B.     Epistimologi Ilmu Pengetahuan
1.      Ilmu
Kata ilmu merupakan kata serapan yang direduksi dari kata ‘ilm yang berarti pengetahuan; kata  ‘ilm adalah bentuk mashdar (kata benda) dari akar kata fi’il (kata kerja) ‘alima yang berarti tahu. Seperti kata-kata lain dalam bahasa Arab umumnya, kata ’ilm juga memiliki sinonim secara leksikal sama yaitu kata ‘irf (bentuk mashdar) dan ‘arafa (bentuk fi’il)[1].

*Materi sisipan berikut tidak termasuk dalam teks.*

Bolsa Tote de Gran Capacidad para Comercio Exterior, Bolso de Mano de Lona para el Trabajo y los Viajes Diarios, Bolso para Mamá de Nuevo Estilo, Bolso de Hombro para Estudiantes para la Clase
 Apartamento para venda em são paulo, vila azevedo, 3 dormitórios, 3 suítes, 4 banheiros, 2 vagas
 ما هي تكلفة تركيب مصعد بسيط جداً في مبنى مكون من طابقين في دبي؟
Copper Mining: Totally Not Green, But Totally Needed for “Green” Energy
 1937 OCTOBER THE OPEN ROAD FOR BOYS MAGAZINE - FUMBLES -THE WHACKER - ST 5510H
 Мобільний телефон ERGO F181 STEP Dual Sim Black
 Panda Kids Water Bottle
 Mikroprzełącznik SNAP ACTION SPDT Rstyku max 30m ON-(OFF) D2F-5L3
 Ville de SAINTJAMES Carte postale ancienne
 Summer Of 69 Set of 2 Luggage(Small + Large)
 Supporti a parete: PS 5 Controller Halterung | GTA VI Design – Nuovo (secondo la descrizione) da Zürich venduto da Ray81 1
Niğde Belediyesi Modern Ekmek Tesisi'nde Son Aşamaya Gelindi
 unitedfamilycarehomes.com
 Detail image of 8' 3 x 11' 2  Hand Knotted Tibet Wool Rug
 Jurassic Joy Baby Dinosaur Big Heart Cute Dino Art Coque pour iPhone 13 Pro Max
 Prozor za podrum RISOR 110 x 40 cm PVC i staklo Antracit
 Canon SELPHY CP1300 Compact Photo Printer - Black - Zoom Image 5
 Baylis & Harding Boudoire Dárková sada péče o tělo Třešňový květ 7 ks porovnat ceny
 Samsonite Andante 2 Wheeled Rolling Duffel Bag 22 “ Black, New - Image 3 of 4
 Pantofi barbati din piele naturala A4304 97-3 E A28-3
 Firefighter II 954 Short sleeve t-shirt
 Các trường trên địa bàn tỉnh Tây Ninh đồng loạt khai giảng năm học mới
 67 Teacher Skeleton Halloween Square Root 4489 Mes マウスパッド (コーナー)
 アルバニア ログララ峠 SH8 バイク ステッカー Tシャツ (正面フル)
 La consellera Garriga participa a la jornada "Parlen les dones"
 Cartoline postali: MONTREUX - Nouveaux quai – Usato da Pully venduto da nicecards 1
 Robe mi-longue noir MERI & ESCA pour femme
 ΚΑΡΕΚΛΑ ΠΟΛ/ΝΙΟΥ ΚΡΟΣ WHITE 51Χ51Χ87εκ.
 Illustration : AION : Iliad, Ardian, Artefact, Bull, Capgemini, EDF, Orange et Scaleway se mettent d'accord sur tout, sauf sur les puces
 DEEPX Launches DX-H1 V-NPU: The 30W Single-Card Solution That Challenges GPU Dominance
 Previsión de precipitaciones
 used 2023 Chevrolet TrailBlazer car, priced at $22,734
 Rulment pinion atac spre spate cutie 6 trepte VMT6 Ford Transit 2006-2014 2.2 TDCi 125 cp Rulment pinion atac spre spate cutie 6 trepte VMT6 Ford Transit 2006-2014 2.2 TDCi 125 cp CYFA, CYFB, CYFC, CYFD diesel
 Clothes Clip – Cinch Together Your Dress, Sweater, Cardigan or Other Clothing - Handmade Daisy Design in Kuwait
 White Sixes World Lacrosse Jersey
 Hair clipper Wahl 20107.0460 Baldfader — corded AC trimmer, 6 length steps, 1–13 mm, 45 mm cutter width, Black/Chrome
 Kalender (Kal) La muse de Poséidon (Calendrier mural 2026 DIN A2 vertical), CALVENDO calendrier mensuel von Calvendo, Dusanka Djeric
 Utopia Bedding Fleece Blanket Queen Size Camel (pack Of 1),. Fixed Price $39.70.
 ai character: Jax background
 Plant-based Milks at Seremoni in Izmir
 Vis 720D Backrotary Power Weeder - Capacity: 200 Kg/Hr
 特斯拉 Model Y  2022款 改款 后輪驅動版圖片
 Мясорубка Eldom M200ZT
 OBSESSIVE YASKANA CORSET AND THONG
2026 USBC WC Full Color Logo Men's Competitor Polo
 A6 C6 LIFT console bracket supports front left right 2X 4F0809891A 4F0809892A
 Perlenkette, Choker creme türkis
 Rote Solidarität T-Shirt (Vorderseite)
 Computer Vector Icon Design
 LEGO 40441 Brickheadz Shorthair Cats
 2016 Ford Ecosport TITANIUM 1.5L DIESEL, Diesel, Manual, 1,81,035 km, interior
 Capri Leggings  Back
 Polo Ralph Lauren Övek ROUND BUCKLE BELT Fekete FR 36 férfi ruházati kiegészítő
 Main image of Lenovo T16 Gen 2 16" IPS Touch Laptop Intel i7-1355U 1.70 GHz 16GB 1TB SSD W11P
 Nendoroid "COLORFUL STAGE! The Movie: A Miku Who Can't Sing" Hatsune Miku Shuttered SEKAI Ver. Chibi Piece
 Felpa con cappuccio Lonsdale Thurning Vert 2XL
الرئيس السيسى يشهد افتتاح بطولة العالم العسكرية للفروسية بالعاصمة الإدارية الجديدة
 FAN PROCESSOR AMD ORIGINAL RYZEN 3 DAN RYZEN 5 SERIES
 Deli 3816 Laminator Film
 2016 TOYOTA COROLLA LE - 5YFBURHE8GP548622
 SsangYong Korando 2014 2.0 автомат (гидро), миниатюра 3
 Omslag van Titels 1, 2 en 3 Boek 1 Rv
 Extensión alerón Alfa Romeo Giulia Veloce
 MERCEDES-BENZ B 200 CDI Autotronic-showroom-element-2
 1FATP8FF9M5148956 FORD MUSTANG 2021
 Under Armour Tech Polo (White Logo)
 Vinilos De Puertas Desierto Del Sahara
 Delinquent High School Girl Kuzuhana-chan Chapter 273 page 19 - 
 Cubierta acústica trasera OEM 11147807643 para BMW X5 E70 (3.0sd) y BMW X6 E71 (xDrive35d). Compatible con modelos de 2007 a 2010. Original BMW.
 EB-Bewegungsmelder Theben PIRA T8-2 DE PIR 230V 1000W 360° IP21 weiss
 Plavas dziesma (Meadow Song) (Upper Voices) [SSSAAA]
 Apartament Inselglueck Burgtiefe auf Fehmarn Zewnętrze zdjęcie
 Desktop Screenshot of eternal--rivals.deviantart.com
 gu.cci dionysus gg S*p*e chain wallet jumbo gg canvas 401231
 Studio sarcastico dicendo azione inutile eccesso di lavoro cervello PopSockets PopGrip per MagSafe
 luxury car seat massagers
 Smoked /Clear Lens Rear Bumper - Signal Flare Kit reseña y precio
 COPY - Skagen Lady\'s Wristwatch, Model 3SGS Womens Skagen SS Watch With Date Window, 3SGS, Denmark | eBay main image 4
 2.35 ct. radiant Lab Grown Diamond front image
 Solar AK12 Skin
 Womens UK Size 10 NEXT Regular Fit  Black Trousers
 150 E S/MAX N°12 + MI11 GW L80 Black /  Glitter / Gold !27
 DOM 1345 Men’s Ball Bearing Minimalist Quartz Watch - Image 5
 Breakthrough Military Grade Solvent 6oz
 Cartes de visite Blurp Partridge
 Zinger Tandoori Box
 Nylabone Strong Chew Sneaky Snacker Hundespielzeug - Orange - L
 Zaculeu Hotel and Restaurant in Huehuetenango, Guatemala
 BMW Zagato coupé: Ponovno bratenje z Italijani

Apakah ilmu itu? Moh. Nazir, Ph.D (1983:9) mengemukakan bahwa ilmu tidak lain dari suatu pengetahuan, baik natura atau pun sosial, yang sudah terorganisir serta tersusun secara sistematik menurut kaidah umum. Sedangkan Ahmad Tafsir (1992:15) memberikan batasan ilmu sebagai pengetahuan logis dan mempunyai bukti empiris.
Pengertian ilmu mencakupi pelbagai aspek tanggapan, pemikiran dan kehidupan manusia itu sendiri. Hal ini dapat diperjelas melalui pendekatan falsafah, empirik atau konseptual.
Di lain pihak, Lorens Bagus (1996:307-308) mengemukakan bahwa ilmu menandakan seluruh kesatuan ide yang mengacu ke obyek (atau alam obyek) yang sama dan saling keterkaitan secara logis.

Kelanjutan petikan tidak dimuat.